De regeling zelf stelt geen nadere eisen aan die verklaring, maar uit de toelichting bij de regeling volgt dat de gemeente de verklaring wel kan beoordelen op geloofwaardigheid en zo nodig andere bewijsstukken kan verlangen of nader onderzoek kan doen naar de vraag of het bedrijf wel echt is geraakt door de coronacrisis.
5. Ten aanzien van het bestreden besluit 1 is allereerst in discussie of verweerder zich op basis van de voorhanden informatie alsnog – derhalve na de eerdere toekenning - op het standpunt heeft kunnen stellen dat verzoeker niet voldoet aan het urencriterium. Verweerder heeft ter zitting desgevraagd gesteld dat met invordering van de eerder toegekende en teruggevorderde Tozo 1-uitkering zal worden gewacht totdat op het door verzoeker ingediende bezwaar is beslist. Gelet hierop bestaat er op zichzelf geen spoedeisend belang bij een inhoudelijke beoordeling van het bestreden besluit 1.
6. Ook ten aanzien van het bestreden besluit 2 ligt primair de vraag voor of verzoeker voldoet aan het urencriterium.
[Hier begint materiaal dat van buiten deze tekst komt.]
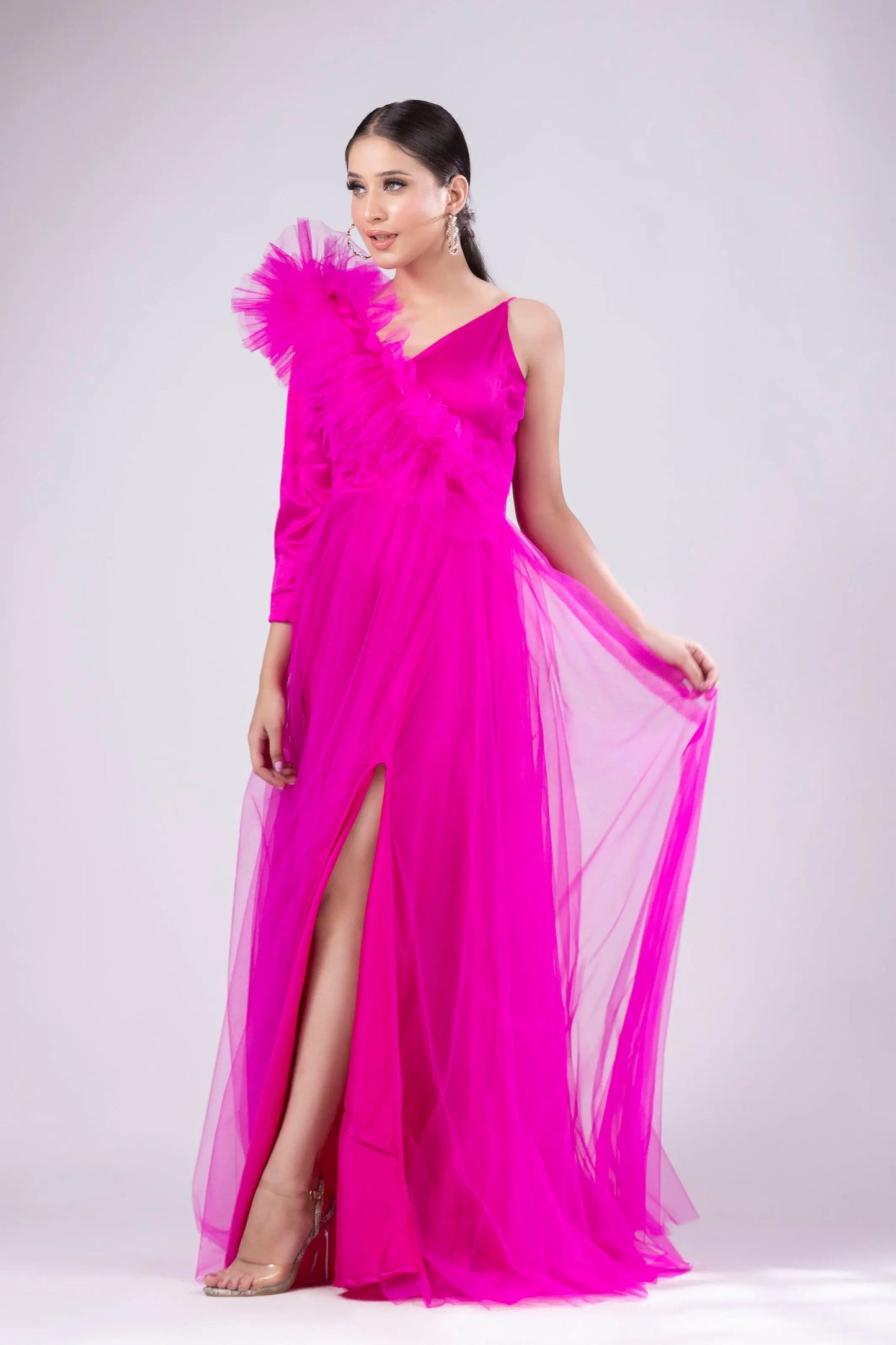 Hot pink gown with ruffle on shoulder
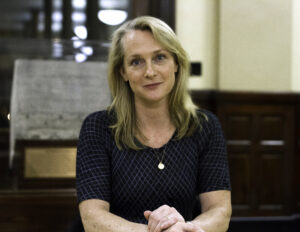 Piper Kerman at a book signing event, promoting her memoir "Orange Is the New Black," reflecting on her experiences in federal prison and advocating for criminal justice reform.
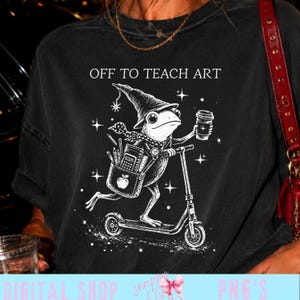 Könnte beinhalten: Ein schwarzes T-Shirt mit einer weißen Grafik eines Frosches mit spitzem Hut, der auf einem Roller fährt und einen Kaffeebecher hält. Der Frosch trägt eine Tasche mit Apfel und Stiften. Der Text OFF TO TEACH ART steht über der Illustration.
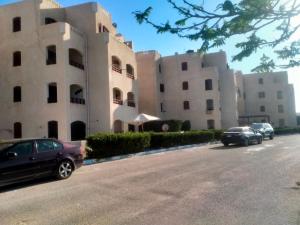 a row of white buildings with cars parked on the street at غرفتين و ترأس بالاندلسية in Marsa Matruh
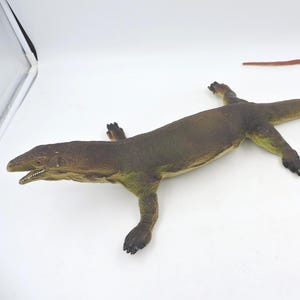 May include: A detailed, brown and green lizard figurine with a long, red tail. The reptile has visible claws and an open mouth, showcasing its teeth. The toy is set against a white background, highlighting its features.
Met verweerder is de voorzieningenrechter voorshands van oordeel dat de door verzoeker overgelegde gegevens hierover vooralsnog onvoldoende duidelijkheid geven, althans deze gegevens laten zoveel ruimte voor twijfel dat voorshands niet kan worden gezegd dat verweerder de aangevraagde Tozo 2-uitkering ten onrechte heeft geweigerd. Omdat het hier om een aanvraag gaat, mag van verzoeker verlangd worden dat hij – desgevraagd door verweerder - komt met een concrete en verifieerbare onderbouwing. Dat ligt op zijn weg en als hij daarin niet slaagt, ligt dit binnen zijn risicosfeer. Ook op de zitting op 20 oktober 2020 heeft verzoeker onvoldoende opheldering kunnen geven.
7. De voorzieningenrechter ziet daarom op dit moment vooralsnog onvoldoende ruimte voor het treffen van een voorlopige voorziening. De hoorzitting in bezwaar vindt plaats binnen een overzienbare periode en verzoeker zal dan de mogelijkheid hebben om de ontstane ruis op dit punt – alsmede ten aanzien van de vraag of hij ook daadwerkelijk financieel is geraakt door de Corona-crisis – weg te nemen.
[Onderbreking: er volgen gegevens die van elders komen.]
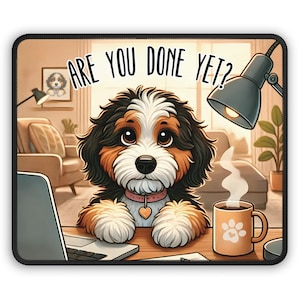 May include: A cartoon dog with brown, black, and white fur sits at a desk with a laptop, a cup of coffee, and a lamp. The dog is looking at the camera with a cute expression. The text "ARE YOU DONE YET?" is written above the dog.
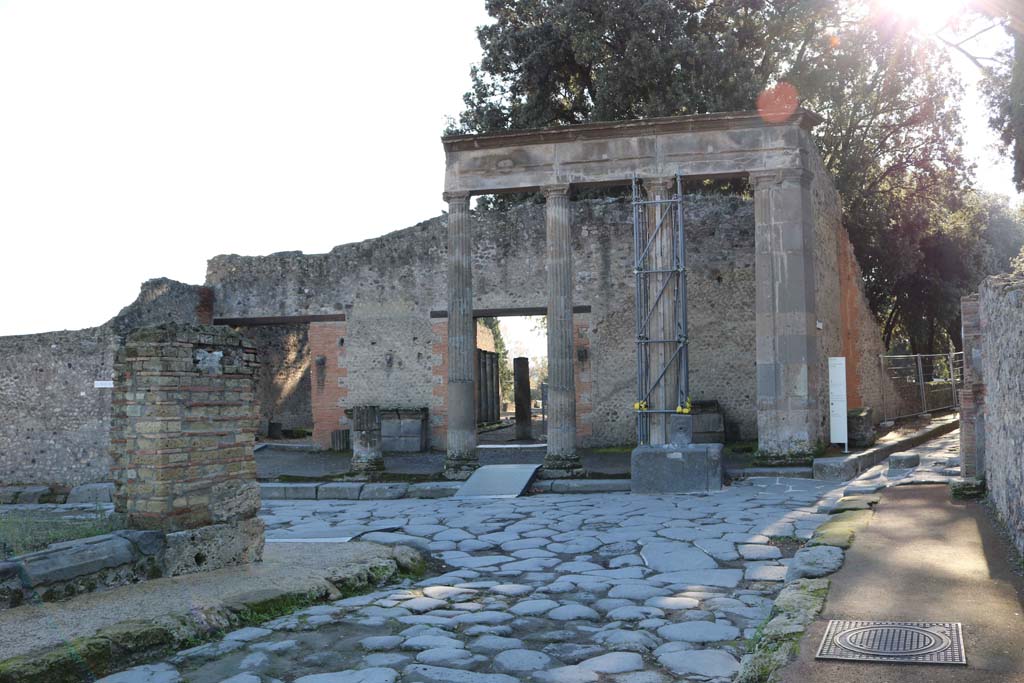 Fountain outside VIII.7.30 Pompeii on Via del Tempio d’Iside. December 2018.
Looking south-east from Via dei Teatri across junction to fountain in Via del Tempio d’Iside. Photo courtesy of Aude Durand.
8. Ter zitting is ook ter sprake gekomen dat verzoeker nog andere mogelijkheden ter beschikking staan, zoals bijvoorbeeld een beroep op het Besluit bijstandverlening zelfstandigen 2004 (Bbz). De voorzieningenrechter geeft verzoeker in overweging die mogelijkheden ook met verweerder te bespreken.

Beslissing

De voorzieningenrechter wijst het verzoek om voorlopige voorziening af.
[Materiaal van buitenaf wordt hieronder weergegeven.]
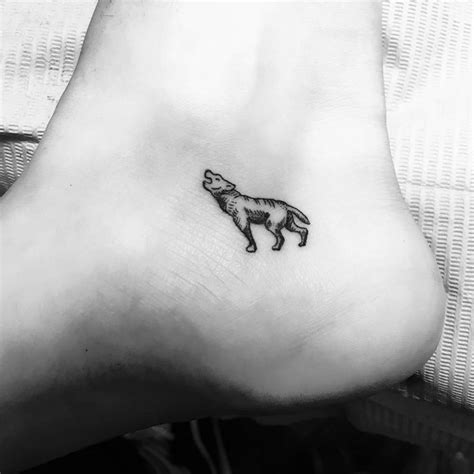 Tiny wolf tattoo located on the ankle.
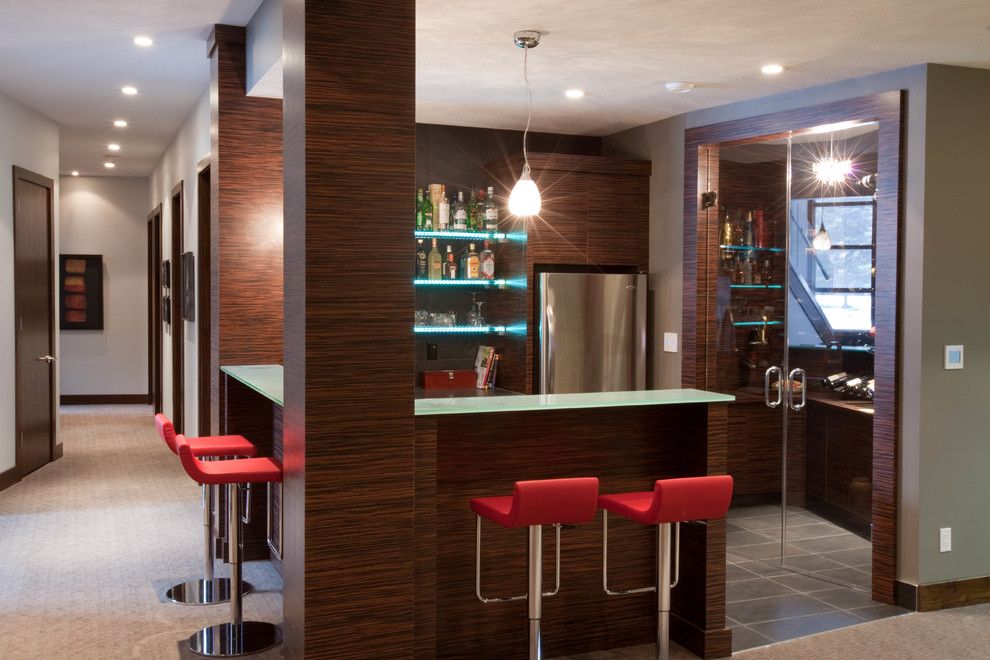 This is an example of a large contemporary single-wall seated home bar in Calgary with no sink, open cabinets, dark wood cabinets, glass benchtops, slate floors and grey floor.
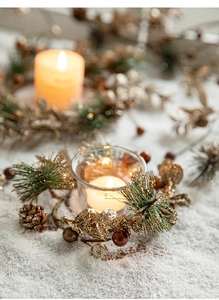 Détail d'une couronne de Noël avec pommes de pin dorées, boule et bougie dans un photophore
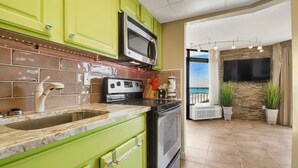 Una cocina con gabinetes verdes, un microondas de acero inoxidable, una estufa a gas y un amplio ventanal con vistas a un balcón.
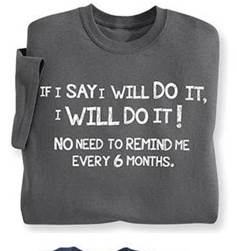 A folded grey shirt with white text

Description automatically generated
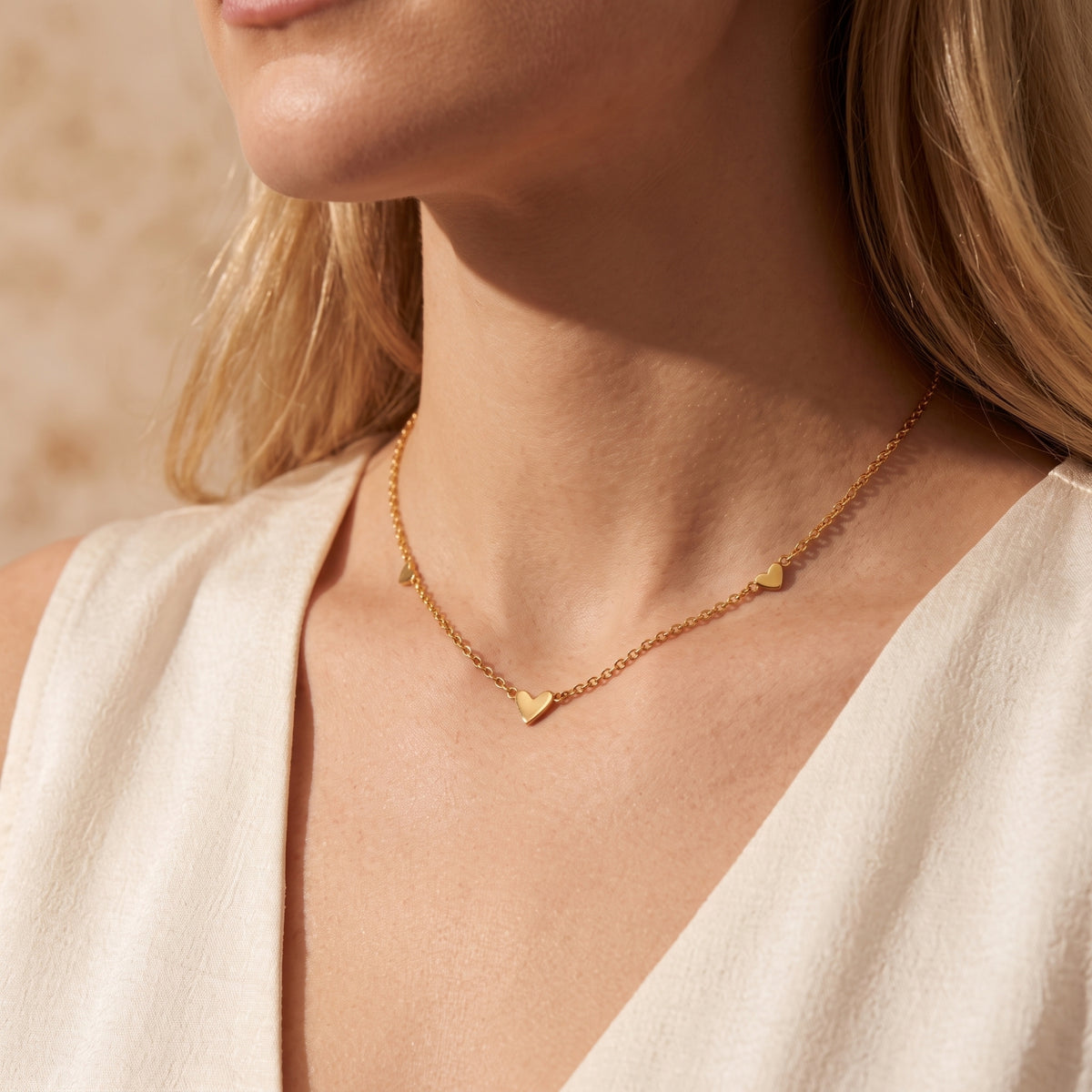Close-up of a model wearing the gold-tone heart station necklace with a cream V-neck top.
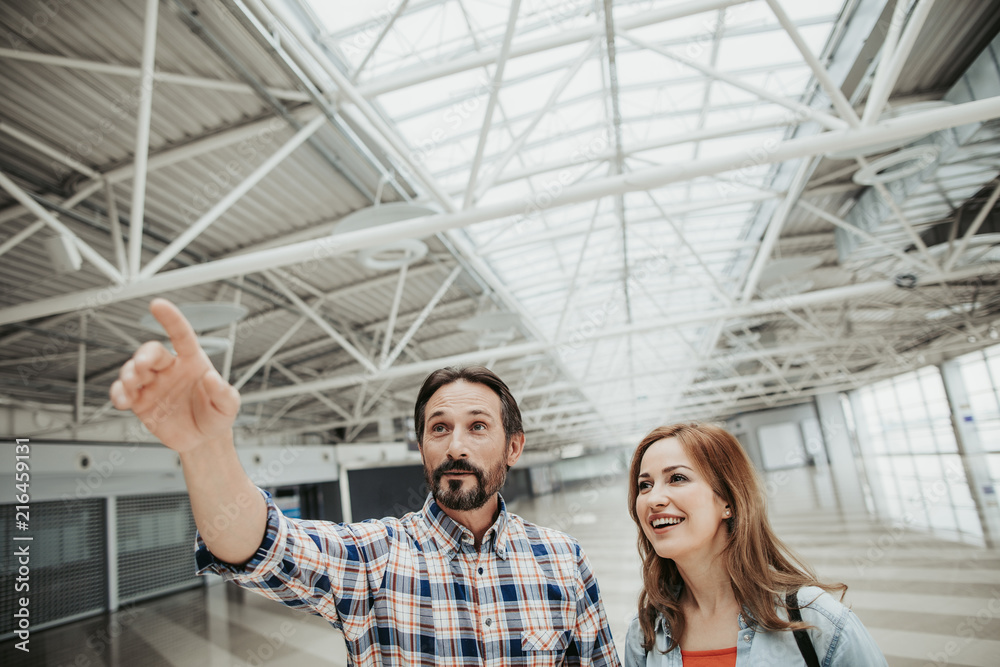 Portrait of happy bearded man gesticulating hands while telling with laughing girl indoor. Glad conversation concept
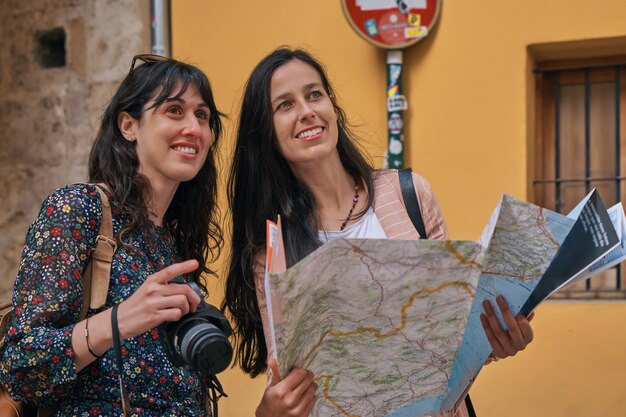 Two tourist girls walking through the city streets on vacation holding a map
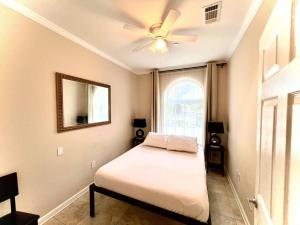 a bedroom with a bed and a ceiling fan at Tise Plaza Condos in New Orleans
Deze uitspraak is uitgesproken in het openbaar op 21 oktober 2020 door mr. drs J.H.A.C. Everaerts, voorzieningenrechter, in aanwezigheid van mr. H.R.A. Horring, griffier.
Griffier
voorzieningenrechter
Een afschrift van dit proces-verbaal is verzonden aan partijen op:

Rechtsmiddel

Tegen deze uitspraak staat geen rechtsmiddel open.